Records excerpted from a collection:
============================================================

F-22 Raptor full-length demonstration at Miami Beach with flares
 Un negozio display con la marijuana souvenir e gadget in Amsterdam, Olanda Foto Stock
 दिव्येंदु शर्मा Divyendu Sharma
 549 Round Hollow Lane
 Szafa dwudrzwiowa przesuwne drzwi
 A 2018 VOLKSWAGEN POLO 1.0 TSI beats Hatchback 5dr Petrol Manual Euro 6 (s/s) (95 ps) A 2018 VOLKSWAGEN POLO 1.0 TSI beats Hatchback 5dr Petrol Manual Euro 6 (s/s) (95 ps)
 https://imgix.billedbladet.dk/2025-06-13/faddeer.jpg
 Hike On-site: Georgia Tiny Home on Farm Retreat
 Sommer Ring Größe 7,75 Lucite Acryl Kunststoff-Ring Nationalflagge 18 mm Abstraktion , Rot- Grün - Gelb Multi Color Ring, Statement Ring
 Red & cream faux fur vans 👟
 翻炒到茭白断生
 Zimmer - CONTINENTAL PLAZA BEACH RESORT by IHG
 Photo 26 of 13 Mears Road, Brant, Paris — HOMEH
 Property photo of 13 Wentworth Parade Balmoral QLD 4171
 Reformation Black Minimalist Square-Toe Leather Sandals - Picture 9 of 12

============================================================

= Action item =
Starting with the first line of the entries and ending with the line that has "Hike On-site: Georgia", copy each line exactly and add nothing.

= Problem solution =
F-22 Raptor full-length demonstration at Miami Beach with flares
 Un negozio display con la marijuana souvenir e gadget in Amsterdam, Olanda Foto Stock
 दिव्येंदु शर्मा Divyendu Sharma
 549 Round Hollow Lane
 Szafa dwudrzwiowa przesuwne drzwi
 A 2018 VOLKSWAGEN POLO 1.0 TSI beats Hatchback 5dr Petrol Manual Euro 6 (s/s) (95 ps) A 2018 VOLKSWAGEN POLO 1.0 TSI beats Hatchback 5dr Petrol Manual Euro 6 (s/s) (95 ps)
 https://imgix.billedbladet.dk/2025-06-13/faddeer.jpg
 Hike On-site: Georgia Tiny Home on Farm Retreat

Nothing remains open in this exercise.